**Task directions**
Write out again, exactly, the lines below starting at the one with "around them Latino" and ending at the one with "13200 Mandarin Road".
*** Data for review
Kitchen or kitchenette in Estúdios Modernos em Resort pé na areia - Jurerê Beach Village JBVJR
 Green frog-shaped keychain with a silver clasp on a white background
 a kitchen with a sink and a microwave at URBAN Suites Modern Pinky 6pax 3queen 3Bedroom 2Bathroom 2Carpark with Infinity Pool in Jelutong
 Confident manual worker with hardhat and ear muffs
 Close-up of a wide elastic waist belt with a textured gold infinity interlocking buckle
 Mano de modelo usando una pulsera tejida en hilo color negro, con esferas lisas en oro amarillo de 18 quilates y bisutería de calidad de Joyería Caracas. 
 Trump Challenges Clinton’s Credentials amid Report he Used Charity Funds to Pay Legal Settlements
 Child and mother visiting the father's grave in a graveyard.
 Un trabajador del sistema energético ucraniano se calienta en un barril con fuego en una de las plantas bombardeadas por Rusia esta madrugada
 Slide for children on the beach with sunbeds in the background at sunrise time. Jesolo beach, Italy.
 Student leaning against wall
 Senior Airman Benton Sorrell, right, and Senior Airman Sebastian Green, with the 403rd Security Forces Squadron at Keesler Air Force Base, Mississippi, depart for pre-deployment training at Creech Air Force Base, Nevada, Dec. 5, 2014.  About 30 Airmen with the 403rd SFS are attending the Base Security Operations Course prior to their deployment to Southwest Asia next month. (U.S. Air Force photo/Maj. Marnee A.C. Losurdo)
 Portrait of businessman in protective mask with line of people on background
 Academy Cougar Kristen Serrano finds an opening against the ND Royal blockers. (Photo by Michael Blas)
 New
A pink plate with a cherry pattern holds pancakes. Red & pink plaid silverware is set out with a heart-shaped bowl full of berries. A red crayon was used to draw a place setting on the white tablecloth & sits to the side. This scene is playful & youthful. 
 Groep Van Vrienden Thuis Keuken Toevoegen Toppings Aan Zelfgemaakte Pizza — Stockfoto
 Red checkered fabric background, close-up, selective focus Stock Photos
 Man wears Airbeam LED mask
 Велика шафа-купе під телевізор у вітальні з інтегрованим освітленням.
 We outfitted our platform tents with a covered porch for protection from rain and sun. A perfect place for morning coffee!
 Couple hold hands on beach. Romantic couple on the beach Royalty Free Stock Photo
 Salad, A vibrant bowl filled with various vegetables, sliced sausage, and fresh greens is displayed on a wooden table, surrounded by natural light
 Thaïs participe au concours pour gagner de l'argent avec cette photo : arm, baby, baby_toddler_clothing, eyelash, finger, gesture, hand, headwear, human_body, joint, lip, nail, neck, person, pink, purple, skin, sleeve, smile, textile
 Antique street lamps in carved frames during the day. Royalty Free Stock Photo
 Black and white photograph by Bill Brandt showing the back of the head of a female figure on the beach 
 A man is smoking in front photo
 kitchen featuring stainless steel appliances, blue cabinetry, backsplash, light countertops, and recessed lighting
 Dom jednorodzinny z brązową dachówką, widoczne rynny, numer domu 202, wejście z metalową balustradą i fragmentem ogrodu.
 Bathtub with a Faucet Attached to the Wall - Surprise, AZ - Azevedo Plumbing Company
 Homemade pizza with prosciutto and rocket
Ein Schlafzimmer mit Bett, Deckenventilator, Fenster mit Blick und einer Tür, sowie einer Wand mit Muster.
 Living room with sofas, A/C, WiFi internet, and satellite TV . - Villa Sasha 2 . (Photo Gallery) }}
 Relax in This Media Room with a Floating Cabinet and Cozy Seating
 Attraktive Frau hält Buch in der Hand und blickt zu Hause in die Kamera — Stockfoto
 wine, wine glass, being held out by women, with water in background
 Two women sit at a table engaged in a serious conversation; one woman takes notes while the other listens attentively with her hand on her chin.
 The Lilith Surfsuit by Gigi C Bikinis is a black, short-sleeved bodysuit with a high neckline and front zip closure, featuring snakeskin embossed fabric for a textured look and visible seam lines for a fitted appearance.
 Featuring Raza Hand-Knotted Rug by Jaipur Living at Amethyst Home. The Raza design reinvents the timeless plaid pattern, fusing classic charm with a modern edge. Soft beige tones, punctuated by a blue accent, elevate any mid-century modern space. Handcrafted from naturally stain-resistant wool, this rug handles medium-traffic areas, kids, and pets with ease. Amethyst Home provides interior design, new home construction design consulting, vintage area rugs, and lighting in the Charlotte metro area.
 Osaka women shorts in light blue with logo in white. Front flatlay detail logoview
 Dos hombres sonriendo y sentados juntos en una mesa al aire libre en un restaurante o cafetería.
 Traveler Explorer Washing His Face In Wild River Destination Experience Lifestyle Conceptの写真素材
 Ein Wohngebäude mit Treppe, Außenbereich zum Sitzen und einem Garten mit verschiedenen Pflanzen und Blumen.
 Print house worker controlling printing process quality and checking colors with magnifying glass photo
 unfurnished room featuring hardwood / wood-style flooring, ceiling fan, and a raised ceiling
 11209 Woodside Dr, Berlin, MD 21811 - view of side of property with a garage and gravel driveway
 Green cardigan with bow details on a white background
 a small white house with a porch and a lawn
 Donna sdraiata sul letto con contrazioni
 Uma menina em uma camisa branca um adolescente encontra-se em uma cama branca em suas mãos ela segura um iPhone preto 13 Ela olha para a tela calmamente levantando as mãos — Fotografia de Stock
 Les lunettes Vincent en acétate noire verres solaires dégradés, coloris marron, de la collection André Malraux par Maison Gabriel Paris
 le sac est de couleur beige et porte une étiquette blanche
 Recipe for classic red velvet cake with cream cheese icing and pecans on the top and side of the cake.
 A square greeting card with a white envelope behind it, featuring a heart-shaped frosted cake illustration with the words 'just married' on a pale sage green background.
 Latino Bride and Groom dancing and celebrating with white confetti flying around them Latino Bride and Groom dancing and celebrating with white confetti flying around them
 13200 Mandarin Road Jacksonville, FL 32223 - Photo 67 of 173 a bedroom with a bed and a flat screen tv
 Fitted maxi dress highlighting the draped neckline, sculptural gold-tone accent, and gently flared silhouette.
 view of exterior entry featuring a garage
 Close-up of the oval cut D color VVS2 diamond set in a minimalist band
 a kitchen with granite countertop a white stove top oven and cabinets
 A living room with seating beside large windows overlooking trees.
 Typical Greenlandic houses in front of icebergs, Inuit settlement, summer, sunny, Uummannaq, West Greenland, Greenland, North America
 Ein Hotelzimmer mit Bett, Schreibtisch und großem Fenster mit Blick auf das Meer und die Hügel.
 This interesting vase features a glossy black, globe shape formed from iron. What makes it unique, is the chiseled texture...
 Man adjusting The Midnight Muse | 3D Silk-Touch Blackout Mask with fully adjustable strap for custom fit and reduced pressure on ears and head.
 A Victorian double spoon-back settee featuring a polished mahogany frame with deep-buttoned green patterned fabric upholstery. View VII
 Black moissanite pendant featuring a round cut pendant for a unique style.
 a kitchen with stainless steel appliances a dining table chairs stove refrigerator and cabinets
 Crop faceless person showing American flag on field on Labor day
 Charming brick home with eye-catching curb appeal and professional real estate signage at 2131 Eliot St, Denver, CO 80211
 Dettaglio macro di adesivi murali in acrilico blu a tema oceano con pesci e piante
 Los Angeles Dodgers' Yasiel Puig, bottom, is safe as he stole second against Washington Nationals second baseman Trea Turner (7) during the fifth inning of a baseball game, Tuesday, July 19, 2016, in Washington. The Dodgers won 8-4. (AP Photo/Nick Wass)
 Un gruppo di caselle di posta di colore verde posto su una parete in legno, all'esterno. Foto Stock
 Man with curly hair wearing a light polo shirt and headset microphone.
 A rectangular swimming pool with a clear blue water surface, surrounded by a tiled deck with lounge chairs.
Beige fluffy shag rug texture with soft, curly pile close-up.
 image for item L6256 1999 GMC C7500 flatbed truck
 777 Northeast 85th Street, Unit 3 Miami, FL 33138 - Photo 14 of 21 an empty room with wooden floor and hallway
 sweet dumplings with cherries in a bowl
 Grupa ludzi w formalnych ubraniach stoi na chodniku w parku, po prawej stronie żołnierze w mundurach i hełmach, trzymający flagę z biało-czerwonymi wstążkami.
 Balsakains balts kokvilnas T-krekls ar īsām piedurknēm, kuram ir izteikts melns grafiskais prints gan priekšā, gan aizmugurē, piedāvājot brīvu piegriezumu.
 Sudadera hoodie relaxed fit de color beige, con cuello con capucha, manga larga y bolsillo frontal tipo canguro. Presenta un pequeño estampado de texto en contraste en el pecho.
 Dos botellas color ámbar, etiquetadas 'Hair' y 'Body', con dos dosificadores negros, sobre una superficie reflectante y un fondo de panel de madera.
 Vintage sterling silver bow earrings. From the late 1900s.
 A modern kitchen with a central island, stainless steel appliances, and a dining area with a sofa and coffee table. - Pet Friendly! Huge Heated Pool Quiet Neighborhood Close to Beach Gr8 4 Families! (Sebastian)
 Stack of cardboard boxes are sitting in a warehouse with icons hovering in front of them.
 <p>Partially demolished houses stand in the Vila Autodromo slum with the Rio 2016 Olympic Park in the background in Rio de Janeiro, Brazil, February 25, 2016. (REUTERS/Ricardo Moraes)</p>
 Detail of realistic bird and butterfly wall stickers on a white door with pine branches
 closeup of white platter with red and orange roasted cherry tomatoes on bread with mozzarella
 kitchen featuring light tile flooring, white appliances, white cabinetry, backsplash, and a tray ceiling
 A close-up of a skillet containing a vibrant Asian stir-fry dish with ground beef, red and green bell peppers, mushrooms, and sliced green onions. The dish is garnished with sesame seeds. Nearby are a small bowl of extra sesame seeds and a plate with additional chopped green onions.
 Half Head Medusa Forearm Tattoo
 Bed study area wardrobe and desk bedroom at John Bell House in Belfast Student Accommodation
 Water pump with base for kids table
******
**Solution**
 Latino Bride and Groom dancing and celebrating with white confetti flying around them Latino Bride and Groom dancing and celebrating with white confetti flying around them
 13200 Mandarin Road Jacksonville, FL 32223 - Photo 67 of 173 a bedroom with a bed and a flat screen tv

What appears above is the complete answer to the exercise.